On your 1979/99 graph the CI lines are about 1.3ºC per century apart. I put this reduction down to the fact that you were using a merge of three data sets giving a reduced variability. The puzzle is that the error bars for the models also seem to be much reduced in size as well.
It seems a bit odd that the model error bars should be so much smaller for the surface temp as compared to T2LT.
Am I missing something?
By a strange coincidence I spent my afternoon reading the Santer paper and have reached exactly the part you are using for this post. All I did was read it and you have already produced this response. Amazing!
Jorge–
Santer examines a different metric: “Temperature Trends in the Tropical Troposphere”. (Say that three times fast! 🙂 )
I am applying their method to GMST. So, the numerical values for trends will be different because the tropical troposhere is expected to warm at a different rate than the global mean surface temperature.
So…. I am not disputing the actual results in Santer. I have a few quibbles which I will get to later. But basically, I am seeing what results are obtained if we apply the method to a different metric: GMST.

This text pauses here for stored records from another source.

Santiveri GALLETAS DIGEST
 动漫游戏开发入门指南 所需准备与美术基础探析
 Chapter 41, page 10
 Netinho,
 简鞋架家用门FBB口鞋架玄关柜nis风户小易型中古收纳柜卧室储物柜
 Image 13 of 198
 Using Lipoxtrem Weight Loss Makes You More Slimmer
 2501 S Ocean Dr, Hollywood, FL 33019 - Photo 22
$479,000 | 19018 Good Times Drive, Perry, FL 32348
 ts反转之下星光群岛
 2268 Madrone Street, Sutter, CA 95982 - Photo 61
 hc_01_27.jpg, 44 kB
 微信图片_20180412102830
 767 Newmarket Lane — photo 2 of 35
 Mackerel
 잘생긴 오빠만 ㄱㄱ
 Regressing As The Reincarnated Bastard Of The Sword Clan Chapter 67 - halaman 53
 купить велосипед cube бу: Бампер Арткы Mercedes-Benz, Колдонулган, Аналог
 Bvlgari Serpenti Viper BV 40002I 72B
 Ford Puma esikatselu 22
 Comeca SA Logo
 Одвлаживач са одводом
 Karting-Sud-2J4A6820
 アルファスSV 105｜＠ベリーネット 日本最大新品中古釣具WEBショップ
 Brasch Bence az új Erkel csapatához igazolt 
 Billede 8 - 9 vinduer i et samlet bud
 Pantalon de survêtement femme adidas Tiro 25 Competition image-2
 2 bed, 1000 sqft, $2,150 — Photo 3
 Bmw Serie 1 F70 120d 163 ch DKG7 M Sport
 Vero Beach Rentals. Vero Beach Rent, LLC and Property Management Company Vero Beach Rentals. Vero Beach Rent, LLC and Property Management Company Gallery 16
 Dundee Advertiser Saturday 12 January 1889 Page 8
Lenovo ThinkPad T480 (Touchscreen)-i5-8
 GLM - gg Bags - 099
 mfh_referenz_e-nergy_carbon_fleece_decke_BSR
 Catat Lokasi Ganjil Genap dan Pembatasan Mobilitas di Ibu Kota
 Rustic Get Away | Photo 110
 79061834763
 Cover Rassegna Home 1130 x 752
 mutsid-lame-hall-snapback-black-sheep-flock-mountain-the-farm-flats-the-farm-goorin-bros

I can do this fast because I have the GMST data. Plus, the paper is mostly straightforward, both in the things that appear correct (much of it) and the things that I have a few misgivings about.
Lucia,
It is not so much the fact that the trends are different that bothers me. I rather expected that. The puzzle is the change in size of the error bands in the models in your GMST graph compared to the model error bands in the Santer T2LT graph.
The implication is that the model runs used in the Santer graph for T2LT are much noisier than the model runs you have used for the GMST. The difference really does seem to be huge.
Jorge– I haven’t downloaded the model data for T2LT. Certainly, those uncertainty bands based on the monthly “model” data are huge. The are estimated under the assumption the “weather noise” is AR(1) and also that excursions in temperature due to volcanic eruptions would occur at random times during “other” realizations. (I’m going to have to explain this at some point.)
You will notice that for many of those models in Santer, the standard deviation based on the “whiskers” is huge compared to what you might estimate based on the 5 run, three runs etc. This seems particularly true for GFDL2.0
The numbers all come from computer programs.
So far to date, we have no evidence that the numbers actually represent proper results from the model equations and solution methods and application procedures of any of the programs.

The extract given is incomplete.